▸ Work instructions:
Search the entries for the word "World". Copy each line in which it is found.

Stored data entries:
------------------------------------------------------------

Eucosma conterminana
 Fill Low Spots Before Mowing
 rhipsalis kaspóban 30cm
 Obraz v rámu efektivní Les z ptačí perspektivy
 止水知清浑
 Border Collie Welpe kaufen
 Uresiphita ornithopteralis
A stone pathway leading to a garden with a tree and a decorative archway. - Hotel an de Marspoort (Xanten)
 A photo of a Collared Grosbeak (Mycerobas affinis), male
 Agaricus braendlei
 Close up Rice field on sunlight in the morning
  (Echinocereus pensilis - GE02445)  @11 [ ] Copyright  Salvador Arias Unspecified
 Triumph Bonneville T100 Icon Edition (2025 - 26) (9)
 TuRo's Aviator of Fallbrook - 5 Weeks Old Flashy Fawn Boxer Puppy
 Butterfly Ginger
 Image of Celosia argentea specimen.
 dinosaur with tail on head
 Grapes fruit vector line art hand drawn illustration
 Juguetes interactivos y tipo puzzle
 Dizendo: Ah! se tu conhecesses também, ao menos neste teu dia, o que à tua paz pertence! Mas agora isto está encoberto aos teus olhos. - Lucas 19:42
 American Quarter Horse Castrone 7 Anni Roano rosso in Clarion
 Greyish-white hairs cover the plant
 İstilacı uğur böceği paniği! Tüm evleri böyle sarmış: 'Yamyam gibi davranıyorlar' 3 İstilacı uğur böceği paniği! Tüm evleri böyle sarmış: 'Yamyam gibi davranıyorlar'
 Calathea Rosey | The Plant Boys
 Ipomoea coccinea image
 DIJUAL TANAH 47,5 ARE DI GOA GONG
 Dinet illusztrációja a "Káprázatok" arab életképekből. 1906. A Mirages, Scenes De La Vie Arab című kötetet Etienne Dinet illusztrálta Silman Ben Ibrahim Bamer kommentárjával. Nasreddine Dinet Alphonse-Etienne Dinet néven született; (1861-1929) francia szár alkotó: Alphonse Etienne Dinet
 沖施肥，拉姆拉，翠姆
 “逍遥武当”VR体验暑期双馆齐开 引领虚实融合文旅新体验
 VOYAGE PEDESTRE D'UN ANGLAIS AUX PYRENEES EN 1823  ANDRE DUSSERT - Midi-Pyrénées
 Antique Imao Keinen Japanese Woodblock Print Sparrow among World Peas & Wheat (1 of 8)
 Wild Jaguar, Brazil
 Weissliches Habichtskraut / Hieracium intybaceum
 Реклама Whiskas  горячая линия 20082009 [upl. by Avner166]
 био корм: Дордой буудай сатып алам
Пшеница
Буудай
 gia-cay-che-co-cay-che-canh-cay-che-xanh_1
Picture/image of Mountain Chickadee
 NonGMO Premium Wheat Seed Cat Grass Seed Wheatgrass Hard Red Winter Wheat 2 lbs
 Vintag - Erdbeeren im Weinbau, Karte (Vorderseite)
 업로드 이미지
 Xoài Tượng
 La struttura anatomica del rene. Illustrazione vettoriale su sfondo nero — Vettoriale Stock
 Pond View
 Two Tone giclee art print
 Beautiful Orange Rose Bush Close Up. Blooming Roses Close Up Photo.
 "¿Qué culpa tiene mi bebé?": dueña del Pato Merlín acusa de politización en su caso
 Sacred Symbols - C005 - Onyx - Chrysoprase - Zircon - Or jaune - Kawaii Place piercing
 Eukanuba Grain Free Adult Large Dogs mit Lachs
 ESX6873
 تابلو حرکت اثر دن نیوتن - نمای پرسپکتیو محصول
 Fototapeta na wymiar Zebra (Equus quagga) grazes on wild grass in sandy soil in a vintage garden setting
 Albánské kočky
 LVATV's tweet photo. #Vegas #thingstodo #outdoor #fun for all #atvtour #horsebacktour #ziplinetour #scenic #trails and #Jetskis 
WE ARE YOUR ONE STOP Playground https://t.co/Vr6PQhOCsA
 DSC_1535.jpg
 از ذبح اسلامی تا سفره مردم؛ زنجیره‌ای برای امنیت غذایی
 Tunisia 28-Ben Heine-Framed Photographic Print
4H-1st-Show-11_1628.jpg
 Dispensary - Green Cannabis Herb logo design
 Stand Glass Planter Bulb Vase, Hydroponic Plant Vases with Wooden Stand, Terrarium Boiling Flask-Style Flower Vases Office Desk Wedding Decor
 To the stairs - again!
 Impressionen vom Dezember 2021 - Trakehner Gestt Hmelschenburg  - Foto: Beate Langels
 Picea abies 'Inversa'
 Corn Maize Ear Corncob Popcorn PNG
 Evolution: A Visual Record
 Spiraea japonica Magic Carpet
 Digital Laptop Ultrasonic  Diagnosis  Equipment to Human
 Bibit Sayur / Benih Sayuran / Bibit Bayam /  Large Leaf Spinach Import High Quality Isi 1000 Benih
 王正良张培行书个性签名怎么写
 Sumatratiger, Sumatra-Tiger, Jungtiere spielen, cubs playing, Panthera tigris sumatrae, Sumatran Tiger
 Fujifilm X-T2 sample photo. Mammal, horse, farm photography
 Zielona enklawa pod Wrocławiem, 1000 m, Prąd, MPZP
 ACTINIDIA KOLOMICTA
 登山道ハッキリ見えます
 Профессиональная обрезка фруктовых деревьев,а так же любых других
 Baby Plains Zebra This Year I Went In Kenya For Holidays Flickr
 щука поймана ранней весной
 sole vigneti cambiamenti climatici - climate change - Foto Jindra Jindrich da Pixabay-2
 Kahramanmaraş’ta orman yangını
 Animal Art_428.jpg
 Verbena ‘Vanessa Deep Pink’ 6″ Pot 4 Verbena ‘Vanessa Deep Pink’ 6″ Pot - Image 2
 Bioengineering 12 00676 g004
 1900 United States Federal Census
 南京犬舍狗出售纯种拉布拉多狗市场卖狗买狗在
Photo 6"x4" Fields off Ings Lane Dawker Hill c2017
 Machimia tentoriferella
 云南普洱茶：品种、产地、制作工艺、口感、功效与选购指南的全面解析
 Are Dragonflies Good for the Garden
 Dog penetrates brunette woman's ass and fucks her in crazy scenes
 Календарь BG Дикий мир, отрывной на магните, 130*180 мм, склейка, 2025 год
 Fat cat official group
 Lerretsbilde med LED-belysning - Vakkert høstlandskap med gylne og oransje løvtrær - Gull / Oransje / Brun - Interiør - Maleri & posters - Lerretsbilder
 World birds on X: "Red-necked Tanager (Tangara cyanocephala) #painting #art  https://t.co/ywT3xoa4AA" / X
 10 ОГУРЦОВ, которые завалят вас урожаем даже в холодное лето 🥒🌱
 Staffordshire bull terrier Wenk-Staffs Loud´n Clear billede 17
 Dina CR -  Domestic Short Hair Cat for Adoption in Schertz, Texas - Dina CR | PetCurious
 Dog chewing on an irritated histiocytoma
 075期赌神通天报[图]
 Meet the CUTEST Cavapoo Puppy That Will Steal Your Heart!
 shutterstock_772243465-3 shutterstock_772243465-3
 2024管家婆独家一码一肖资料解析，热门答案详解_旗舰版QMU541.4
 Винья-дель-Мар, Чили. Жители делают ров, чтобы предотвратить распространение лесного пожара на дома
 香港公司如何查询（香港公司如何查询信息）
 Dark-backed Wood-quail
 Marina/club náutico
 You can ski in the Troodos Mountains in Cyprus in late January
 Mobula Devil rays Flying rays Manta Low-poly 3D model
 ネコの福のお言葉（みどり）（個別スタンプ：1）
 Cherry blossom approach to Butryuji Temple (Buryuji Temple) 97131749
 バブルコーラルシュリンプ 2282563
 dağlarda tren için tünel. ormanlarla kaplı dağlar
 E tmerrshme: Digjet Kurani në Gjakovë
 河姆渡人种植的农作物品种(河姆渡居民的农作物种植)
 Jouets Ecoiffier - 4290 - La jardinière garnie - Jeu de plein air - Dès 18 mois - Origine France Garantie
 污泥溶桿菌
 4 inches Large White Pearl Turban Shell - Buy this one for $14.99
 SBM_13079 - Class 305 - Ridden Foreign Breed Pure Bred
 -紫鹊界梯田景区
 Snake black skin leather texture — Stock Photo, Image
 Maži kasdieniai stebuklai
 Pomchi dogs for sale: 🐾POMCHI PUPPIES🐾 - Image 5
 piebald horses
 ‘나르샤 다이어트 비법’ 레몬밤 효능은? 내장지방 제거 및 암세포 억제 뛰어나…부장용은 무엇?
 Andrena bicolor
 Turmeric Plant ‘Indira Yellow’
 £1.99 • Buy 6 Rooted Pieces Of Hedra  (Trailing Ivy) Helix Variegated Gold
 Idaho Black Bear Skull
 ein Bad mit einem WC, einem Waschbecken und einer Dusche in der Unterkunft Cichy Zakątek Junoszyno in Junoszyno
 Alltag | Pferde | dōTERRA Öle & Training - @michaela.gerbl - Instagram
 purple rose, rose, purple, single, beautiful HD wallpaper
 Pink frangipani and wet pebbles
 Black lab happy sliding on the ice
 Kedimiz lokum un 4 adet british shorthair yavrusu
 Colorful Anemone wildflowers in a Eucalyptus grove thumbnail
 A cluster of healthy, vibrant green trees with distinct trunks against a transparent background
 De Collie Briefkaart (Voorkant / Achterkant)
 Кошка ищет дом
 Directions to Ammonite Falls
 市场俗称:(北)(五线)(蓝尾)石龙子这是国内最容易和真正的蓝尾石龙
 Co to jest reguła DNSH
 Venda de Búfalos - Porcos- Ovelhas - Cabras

------------------------------------------------------------

▸ Output of the task:
 Antique Imao Keinen Japanese Woodblock Print Sparrow among World Peas & Wheat (1 of 8)
 World birds on X: "Red-necked Tanager (Tangara cyanocephala) #painting #art  https://t.co/ywT3xoa4AA" / X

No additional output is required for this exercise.